Ariana dla WS | Blogger | X X

11/03/2023

#92. Nie najlepszy tydzień

 Aloha!

Jak w temacie - nie był to mój najlepszy tydzień. Mimo, że myślałam że to PMS, miesiączka się nie pojawiła. Ale cały tydzień chodziłam naprawdę podku.wiona. W czwartek po prostu zaczęłam się czuć źle, napisałam do szefa, czy mogę wziąć home office na piątek. Zgodził się. Nie poszłam na siłownię, spałam (z przerwami) od 17 do 6 następnego dnia. Może to przesilenie, może daje się we znaki wstawanie tak wcześnie, kładłam się też później niż zazwyczaj, bo czytałam książkę - Harlan Coben "Bez Skrupułów" - naprawdę polecam! Łyknęłam ją w sumie w trzy dni, tak się wciągnęłam. 

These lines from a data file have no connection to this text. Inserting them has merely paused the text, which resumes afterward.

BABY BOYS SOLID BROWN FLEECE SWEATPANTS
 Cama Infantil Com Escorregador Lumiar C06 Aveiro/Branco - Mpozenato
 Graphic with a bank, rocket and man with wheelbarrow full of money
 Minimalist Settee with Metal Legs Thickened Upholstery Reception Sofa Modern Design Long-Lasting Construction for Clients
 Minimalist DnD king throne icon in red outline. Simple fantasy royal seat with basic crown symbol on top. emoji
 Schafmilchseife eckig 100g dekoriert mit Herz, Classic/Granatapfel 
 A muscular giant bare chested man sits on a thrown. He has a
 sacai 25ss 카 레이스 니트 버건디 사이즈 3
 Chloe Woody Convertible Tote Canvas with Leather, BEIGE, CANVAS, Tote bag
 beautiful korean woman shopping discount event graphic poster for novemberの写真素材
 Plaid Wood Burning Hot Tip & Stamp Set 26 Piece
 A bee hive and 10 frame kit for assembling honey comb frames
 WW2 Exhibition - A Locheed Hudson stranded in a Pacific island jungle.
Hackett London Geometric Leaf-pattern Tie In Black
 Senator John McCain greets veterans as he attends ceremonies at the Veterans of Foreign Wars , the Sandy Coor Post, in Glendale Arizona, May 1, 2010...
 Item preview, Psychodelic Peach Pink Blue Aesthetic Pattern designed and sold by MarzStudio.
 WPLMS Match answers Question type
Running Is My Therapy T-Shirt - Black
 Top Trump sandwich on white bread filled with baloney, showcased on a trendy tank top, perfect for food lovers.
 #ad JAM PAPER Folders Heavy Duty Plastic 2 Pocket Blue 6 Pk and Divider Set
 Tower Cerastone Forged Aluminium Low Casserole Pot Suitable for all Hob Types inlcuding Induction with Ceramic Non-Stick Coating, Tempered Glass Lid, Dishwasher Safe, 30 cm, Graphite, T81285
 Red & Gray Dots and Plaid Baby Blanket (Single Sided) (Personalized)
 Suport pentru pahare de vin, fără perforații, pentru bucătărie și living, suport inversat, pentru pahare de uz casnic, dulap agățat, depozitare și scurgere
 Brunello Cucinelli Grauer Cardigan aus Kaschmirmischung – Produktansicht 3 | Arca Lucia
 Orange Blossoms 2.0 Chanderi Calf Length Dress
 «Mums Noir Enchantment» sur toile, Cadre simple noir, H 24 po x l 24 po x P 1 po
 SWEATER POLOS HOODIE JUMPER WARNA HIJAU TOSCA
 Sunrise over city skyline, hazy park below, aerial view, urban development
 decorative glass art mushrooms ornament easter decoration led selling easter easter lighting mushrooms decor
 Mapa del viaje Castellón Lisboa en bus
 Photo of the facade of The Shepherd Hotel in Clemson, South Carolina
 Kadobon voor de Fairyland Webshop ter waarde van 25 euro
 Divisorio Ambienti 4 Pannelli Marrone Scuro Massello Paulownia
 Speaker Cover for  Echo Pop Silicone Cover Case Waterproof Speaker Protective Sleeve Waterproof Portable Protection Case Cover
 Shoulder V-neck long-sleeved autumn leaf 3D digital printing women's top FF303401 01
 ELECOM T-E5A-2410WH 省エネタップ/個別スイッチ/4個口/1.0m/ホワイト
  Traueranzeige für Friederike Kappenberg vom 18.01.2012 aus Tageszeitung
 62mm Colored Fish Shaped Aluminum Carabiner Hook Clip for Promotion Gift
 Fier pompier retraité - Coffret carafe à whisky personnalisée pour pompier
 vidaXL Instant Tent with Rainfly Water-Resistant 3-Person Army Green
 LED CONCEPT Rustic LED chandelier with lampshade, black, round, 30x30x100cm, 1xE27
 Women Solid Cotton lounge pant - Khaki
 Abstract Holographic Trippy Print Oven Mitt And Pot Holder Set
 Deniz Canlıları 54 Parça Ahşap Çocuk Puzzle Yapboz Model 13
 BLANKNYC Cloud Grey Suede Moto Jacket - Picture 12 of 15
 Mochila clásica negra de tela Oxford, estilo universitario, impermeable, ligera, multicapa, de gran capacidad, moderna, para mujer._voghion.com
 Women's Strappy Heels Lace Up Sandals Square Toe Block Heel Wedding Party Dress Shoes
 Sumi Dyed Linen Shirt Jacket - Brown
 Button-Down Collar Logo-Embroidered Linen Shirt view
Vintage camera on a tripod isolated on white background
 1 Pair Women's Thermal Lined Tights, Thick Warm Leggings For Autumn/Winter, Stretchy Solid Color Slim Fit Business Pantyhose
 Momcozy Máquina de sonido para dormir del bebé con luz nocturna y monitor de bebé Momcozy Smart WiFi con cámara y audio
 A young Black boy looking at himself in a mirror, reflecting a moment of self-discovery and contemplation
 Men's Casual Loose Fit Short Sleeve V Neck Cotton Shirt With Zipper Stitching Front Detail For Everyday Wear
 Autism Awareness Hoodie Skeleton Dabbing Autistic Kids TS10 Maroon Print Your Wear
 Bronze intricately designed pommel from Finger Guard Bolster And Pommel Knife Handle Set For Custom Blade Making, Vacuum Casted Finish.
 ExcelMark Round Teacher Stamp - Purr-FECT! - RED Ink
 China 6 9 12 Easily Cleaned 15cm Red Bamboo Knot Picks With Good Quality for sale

Wagowo słabiutko, nie dość, że nic nie schudłam, to waga z uporem maniaka pokazuje +1 kg. Początkowo myślałam, że woda się zebrała, bo nawet miałam trochę opuchnięte palce, ale czuję się już okej, a kilogramy nie lecą. Zrobiłam sobie przez to bardzo wychillowany tydzień, jadłam więcej słodyczy niż zazwyczaj, zamówiłam wczoraj pizzę, ale to tylko jeden tydzień. Od poniedziałku wracam do standardowego trybu. Myślę, że mogłam trochę tego potrzebować. Oczywiście nie żadne ekstremum, nie zapychałam się byle czym ciągle. Ale jakościowo i ilościowo w kwestii jedzenia nie było doskonale. 

Aanderand, odpowiadając na Twój komentarz - niestety insulinooporność też mogę dopisać do rzeczy, których się nabawiłam. Także się cieszę, że rozumiesz, to budujące jak ktoś przechodzi przez podobne gówno i wie, że pewne rzeczy są trudniejsze albo nie całkiem od nas zależą. A co do laski, czy go przekabaciła, to była moja pierwsza myśl. Ale w ciągu ostatnich trzech dni znów rozmawiamy więcej, nawet sam inicjuje ten kontakt, więc może po prostu miał gorszy czas.

Umówiłam się dzisiaj z koleżanką na kawę w kawiarni, która robi też projekcje filmów. Ani ona ani ja jeszcze tam nie byłyśmy, ale jestem pewna, że będzie fajnie. Mimo, że nigdy nie chce mi się samego wychodzenia z domu, to zawsze się trochę cieszę, jak mogę się spotkać z kimś znajomym. Dzięki temu czuję, że nie jestem tylko jakąś jedną z wielu opcji dla ludzi, że rzeczywiście chcą się ze mną widywać. 

https://www.youtube.com/watch?v=VZfWUsQ2PYA - polecam posłuchać. Dobrze opisuje myślę, że nie tylko moje życie. 

Udanego weekendu!

Strzała!

1 komentarz:

  1. Wzajemnie, udanego weekendu. Też mnie dopadają cięższe dni przez przesilenie. Życzę zdrowia, z tym +1 kg nie ma się co przejmować, wahania do 2 kg są normą.